The thing about difficult games is that you seek the rewards that come from beating a steep challenge. We’re not talking in-game rewards; we’re talking about the cascading frisson of dopamine that explodes in your brain. In Daniel’s review of The Witness he describes this feeling vividly: “The urge to solve every puzzle in The Witness doesn’t just come from a desire to see what comes next, it comes from the desire to beat him. Or at least to prove that you are his equal.” He is talking there about wanting to beat the game’s designer, Jonathan Blow, but he’s also chasing that chemical rush that washes over you in an awesome wave when you figure out a tough puzzle.
In an article from the Florida Atlantic University Press, Science Editor Andrew Fraieli talks about the way our brains are wired, saying, “Human brains are goal and accomplishment orientated. A person has an intent to do something, he/she succeeds, and subsequently gets a shot of dopamine.”
Professor of Psychology at FAU, Elan Barrenholtz likened video games to drugs, in that they are: “Similar to drugs, because it can create an artificial reward feedback loop.”
If you look at games like Hotline Miami and Super Meat Boy, games that suffuse steep challenge with the power to restart in a split-second upon failure, you can feel the weightlessness. The gameplay loop of these furious, sweaty-palmed challenges resembles a lying bastard’s polygraph test: with each sharp downfall you spike straight back up again, over and over, chasing that reward.
I should say that these games wouldn’t work any other way; they rely on speed, recklessness, and repetition to euphoric effect.

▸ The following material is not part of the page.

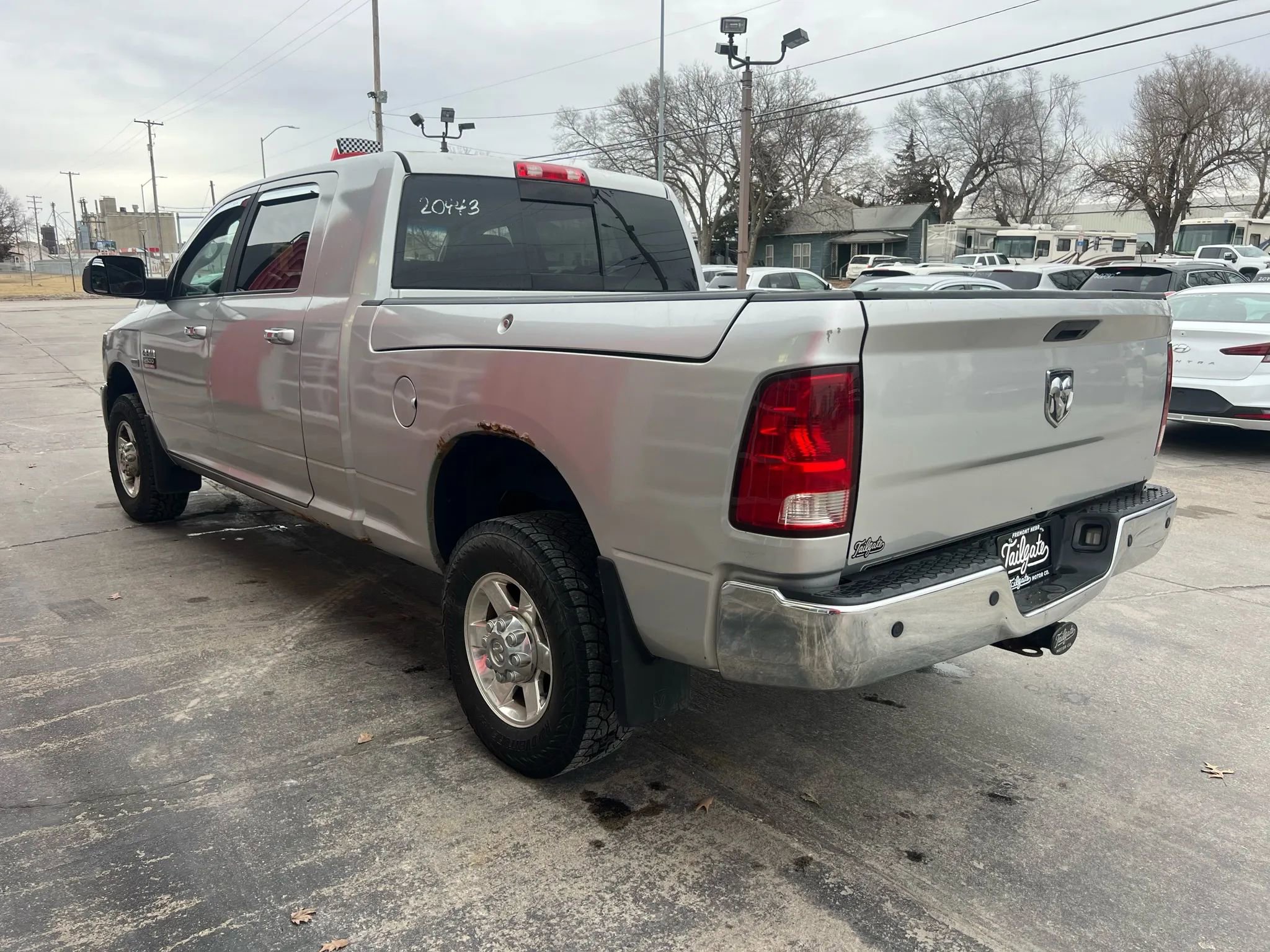 Used 2012 RAM 2500 Big Horn AWD/4WD image 5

It’s just that in the hazy neon motion-blur of a Hotline Miami rampage, I feel a sort of dreamy disconnect with what’s happening, which stands in stark contrast to my fight with Martyr Logarius back there. During that fight, my mind was saddled not with what was next, or who I wanted to beat, but instead was simply … there, on the roof of the castle. Nothing else mattered.
I should also say that difficulty is still important: it does help if there’s a good chance we’ll actually get to the game over screen for all this to mean anything. It’s just not enough on its own. Play is vivid when there are consequences that make us ache. Though we’ll groan and grumble in our hangovers, it’s the very act of saying ‘fuck it’ and accepting what comes after that makes what’s right in front of us so sweet.
What was it that John Lennon said? Play is what happens when you’re busy staring at the next high score … something like that anyway, and he would know – apparently he was well into Geometry Wars.